Das Wahlergebnis steht noch nicht fest, die Wellen bei den französischen Konservativen schlagen jedoch bereits hoch. Von Betrug ist die Rede, beide Bewerber um den UMP-Vorsitz sehen sich als Sieger.

  Copé oder Fillon? Die Hälfte aller Bezirke ist noch nicht ausgezählt.

Copé oder Fillon? Die Hälfte aller Bezirke ist noch nicht ausgezählt.

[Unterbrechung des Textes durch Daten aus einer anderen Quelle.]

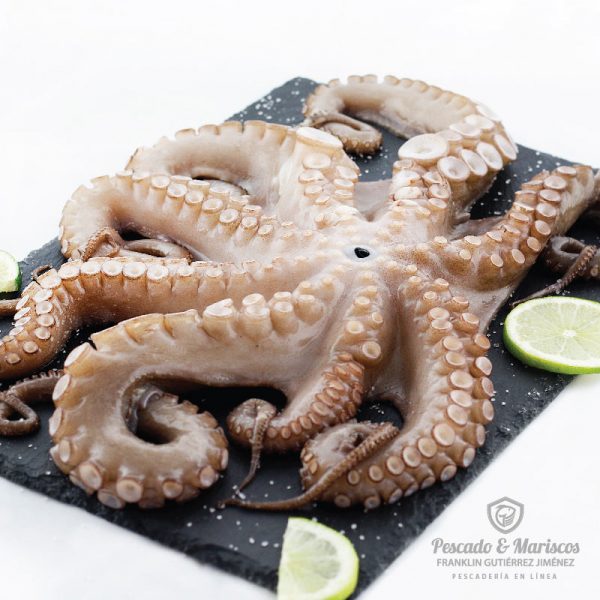 Pulpo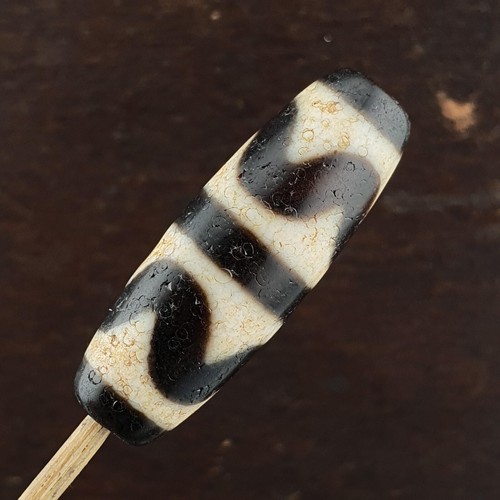 Himalayano tibetano modello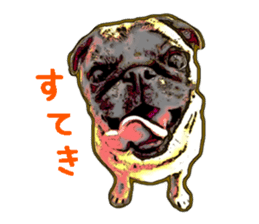 Realistic pug Sticker sticker #12845706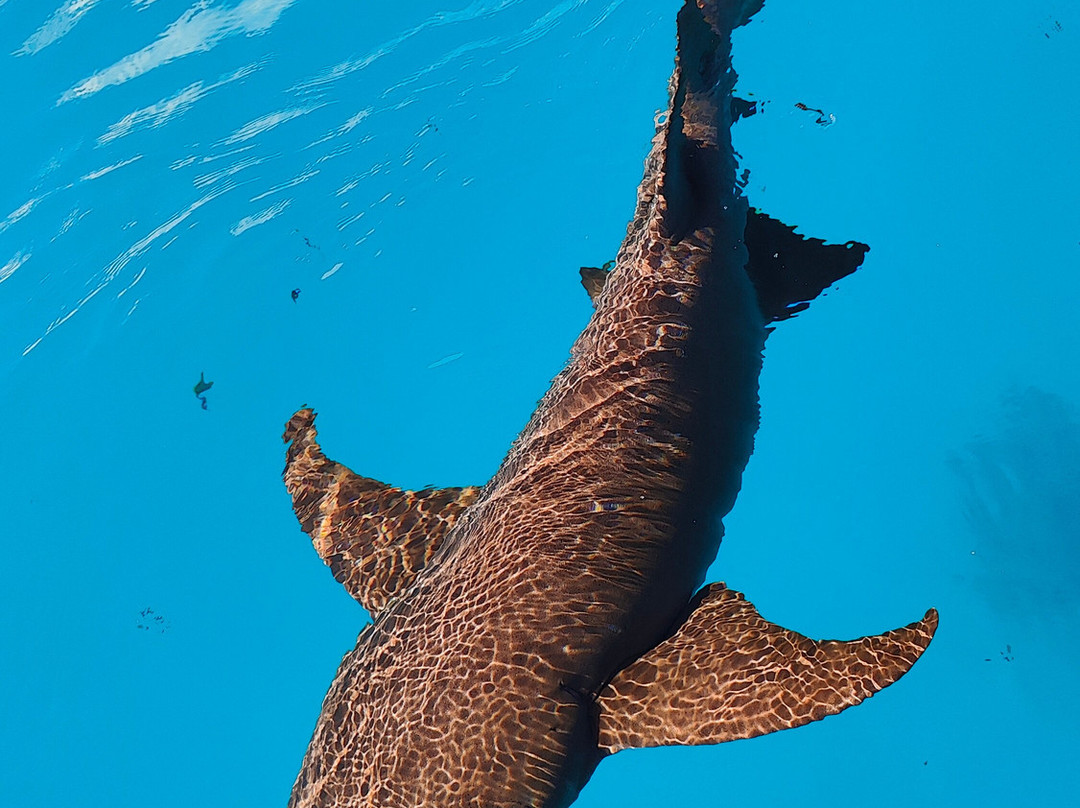 Diving Centers Werner Lau-曼德芙岛必去景点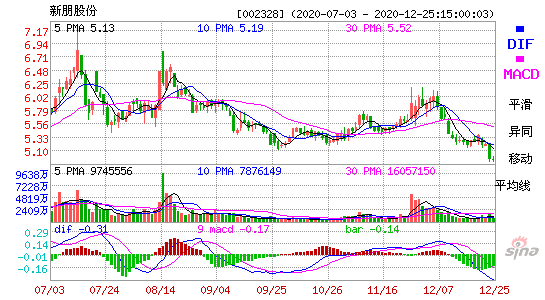 新朋股份(上海新朋股份有限公司)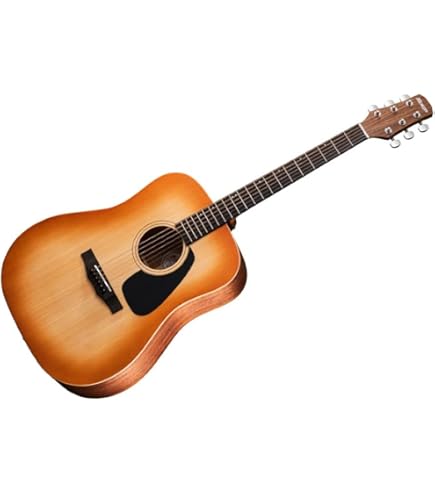 Amazon | Morris (モーリス) アコースティックギター M-82 NAT 日本製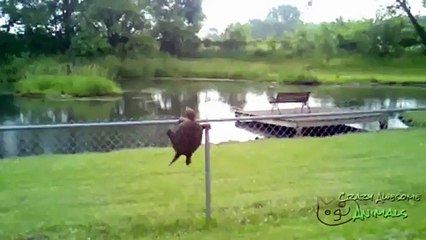 funny animal and kids videos funny animal games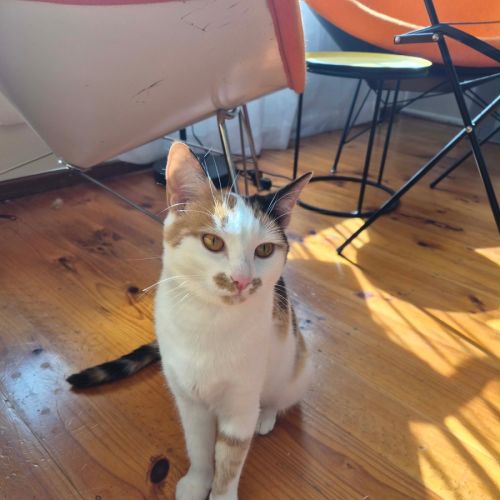 Mishka - Domestic Short Hair (DSH) Cat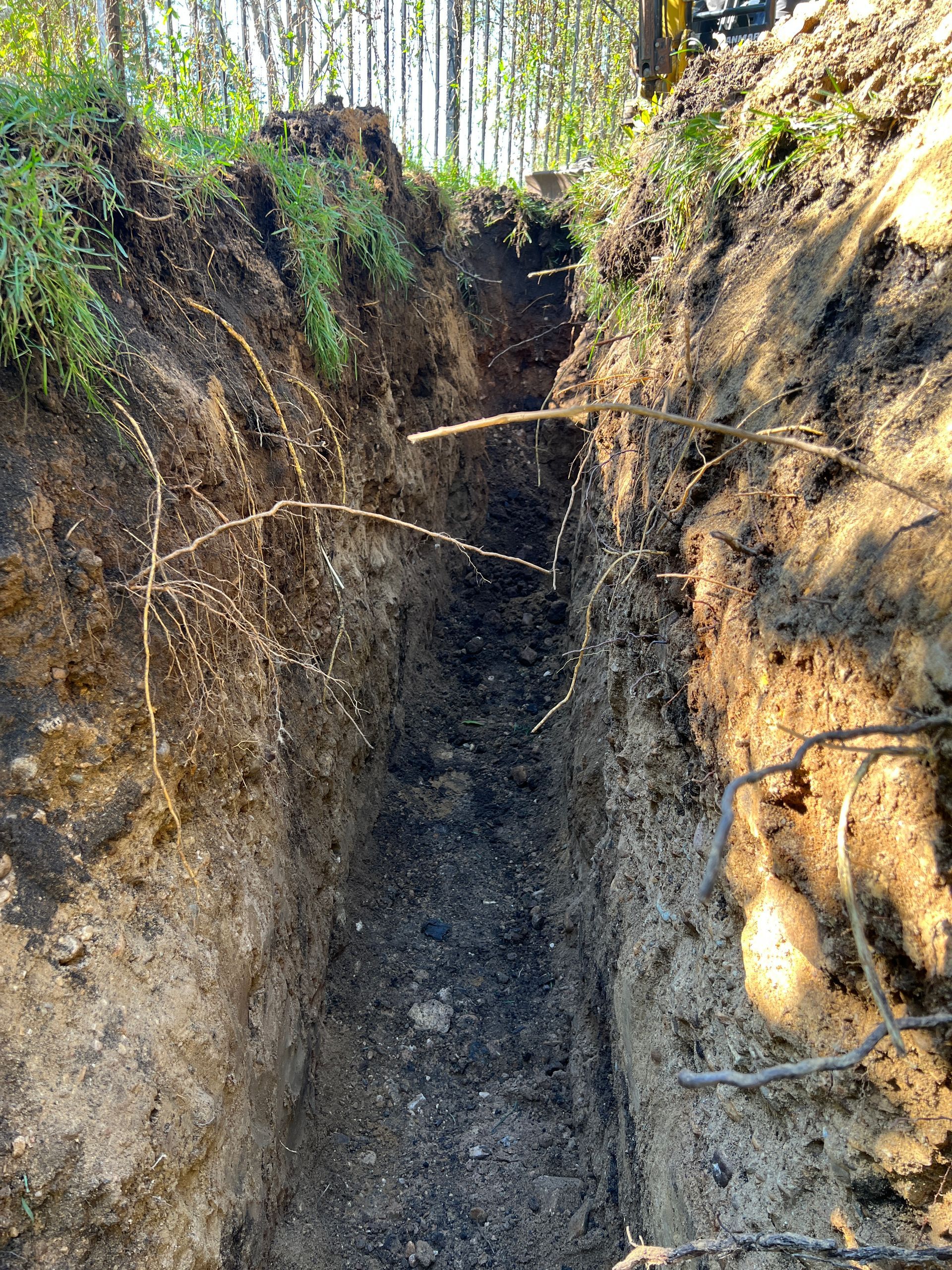 A narrow, deep trench dug into earthy soil, flanked by grassy vegetation and tree trunks under bright sunlight.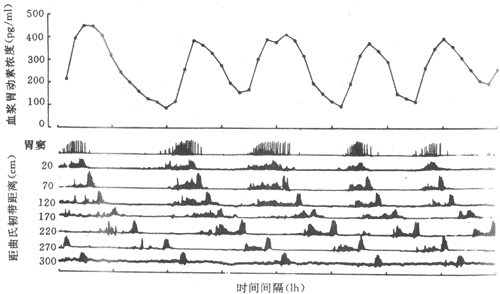 ��С���������ڵ��������˶��ۺϲ�������Ѫ��θ����Ũ�ȵ����й�ϵ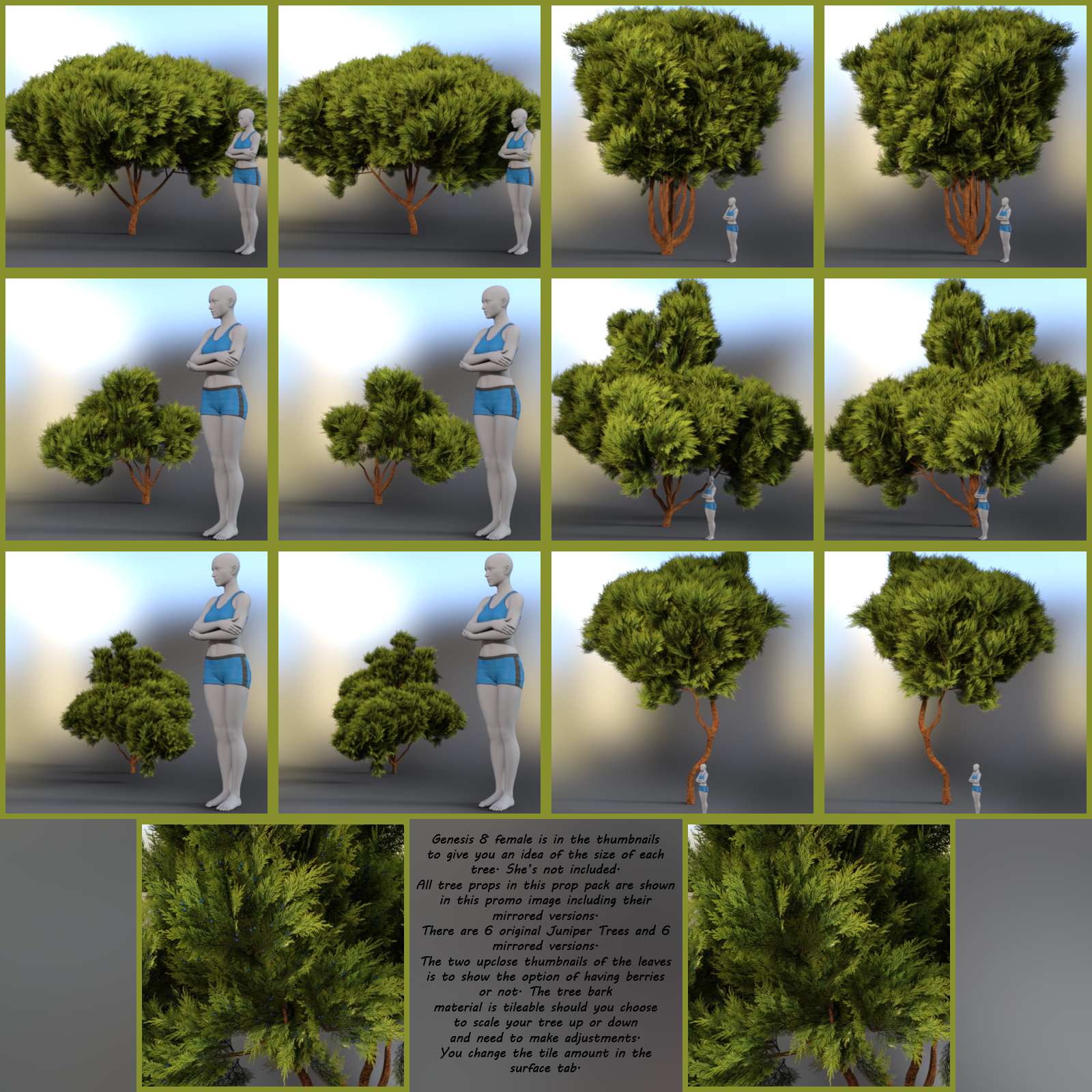 Juniper Tree Props And Mirrored Versions For Daz Studio Iray by N/A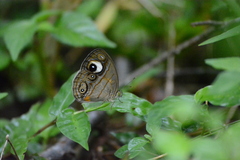 Mycalesis junonia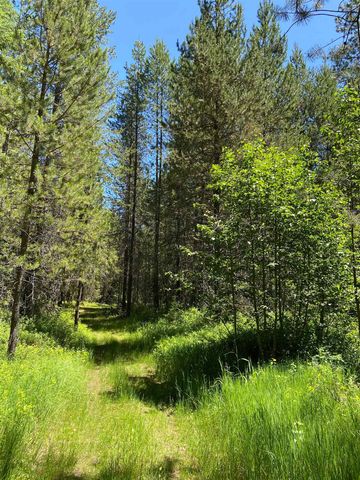 281 Willys Way, Newport, WA 99156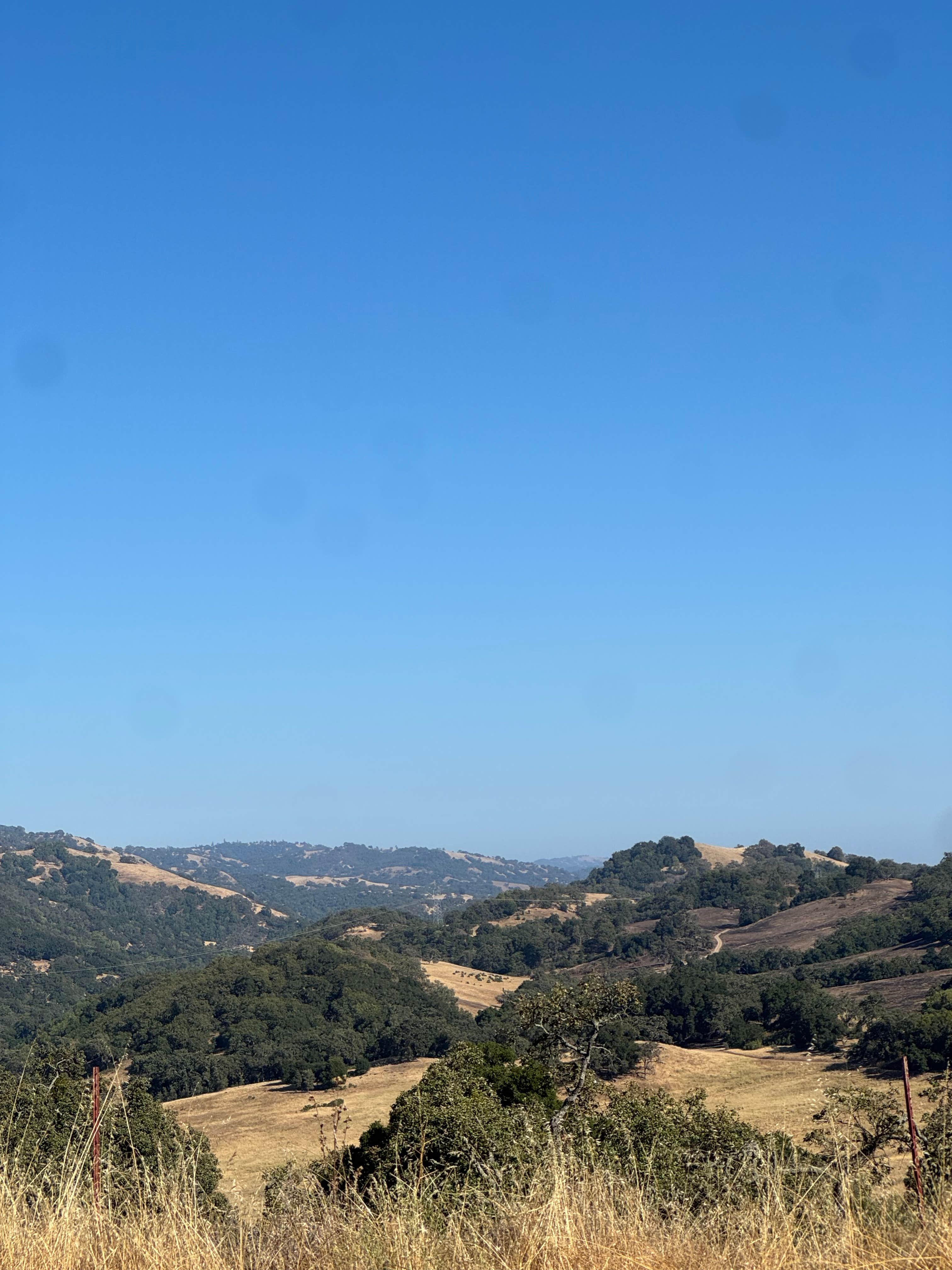 Camper-submitted photo at Joseph D. Grant County Park near Cupertino, CA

Die beiden Bewerber um den Parteivorsitz der konservativen französischen Partei UMP haben sich jeweils zum Sieger der Wahl vom Sonntag erklärt. Generalsekretär Jean-François Copé sagte am Abend, die Mehrheit der Mitglieder habe sich für ihn ausgesprochen. Ex-Regierungschef François Fillon erklärte kurz darauf, er habe die Wahl mit 224 Stimmen Vorsprung vor Copé gewonnen. Die Wahlkommission unterbrach ihre Arbeit in der Nacht. Anhänger Copés sprachen davon, der 48-Jährige habe 1221 Stimmen mehr als Fillon erhalten. Copé wurde von der Parteirechten unterstützt. Der 58-jährige Fillon, der der gemäßigten Mitte der Partei angehört, hatte als Favorit gegolten. Er zeigte sich in der Nacht "extrem schockiert" darüber, dass noch kein offizielles Ergebnis vorliege.

Endergebnis am Montag erwartet

Beide Lager warfen sich gegenseitig Betrug bei der Wahl vor. Der Abgeordnete Bernard Debré, der Fillon unterstützt, sprach von "Anomalien" bei der Abstimmung. Daher werde das Ergebnis in mehreren Départements angefochten. Anhänger Copés sprachen ihrerseits von Unregelmäßigkeiten in Fillon-Hochburgen wie Nizza und Paris. Der Chef der Wahlkommission, Patrice Gélard, kündigte in der Nacht an, die Arbeit am Montagmorgen um 10.00 Uhr MEZ fortzusetzen. Die Ergebnisse aus 50 Prozent der Regionen fehlten. Gélard äußerte die Hoffnung, dass am Montag ein Endergebnis vorliegen werde.

Fillon und Copé haben Ambitionen

Die rund 300.000 Mitglieder der Partei von Ex-Staatschef Nicolas Sarkozy waren am Sonntag zwischen 09.00 und 18.00 Uhr zur Wahl des neuen Vorsitzenden aufgerufen. Dafür waren in ganz Frankreich fast 650 Wahllokale eingerichtet worden. Offenbar beteiligte sich mehr als die Hälfte der Mitglieder an der Abstimmung.

Sowohl Fillon als auch Copé haben Ambitionen auf eine Kandidatur für das Amt des Staatschefs. Der Posten des Parteivorsitzenden gilt als Sprungbrett für dieses Ziel. Die nächste Präsidentenwahl findet 2017 statt. Sarkozy hatte die Wahl vor sechs Monaten gegen seinen sozialistischen Herausforderer François Hollande verloren.